Tom Rubrick drove him to the mine, since Dart could not drive, and tried to reason with him. “Ye should've stayed in bed, lad, like the doctor says. Give 'em time to cool off up there. They'll overlook a bit of a mistake, when they've cooled off. Ye meant no 'arm, I know.”

Dart twisted around and gave Tom a strange look.

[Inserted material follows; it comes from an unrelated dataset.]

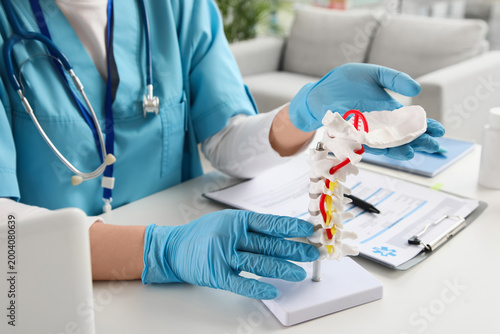 Female doctor with spine model at table in clinic, closeup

“Such a look as I ever seen,” Tom told Tessie later, “like 'e was King George 'imself and I was a mad dog yapping at 'im. Yet I was fair sorry for 'im. It's bad for 'im all right, and that poor young wife o' 'is. They was all aginst 'im up on the 'ill.”

“Oh, dear. Oh, dear,” said Tessie. “What will they do?”

“I fear the old man'll fire 'im. Mablett's 'ot for it. Keeps yammering that Dartland's dangerous. Tiger Burton's acting foreman already.”

Dart's interview with Tyson and Mablett in the General Manager's Office that morning had been doomed from the start. Tyson, forced into a distressing muddle he had neither will nor strength to cope with, had already made up his mind, and Dart's attitude did nothing to change it.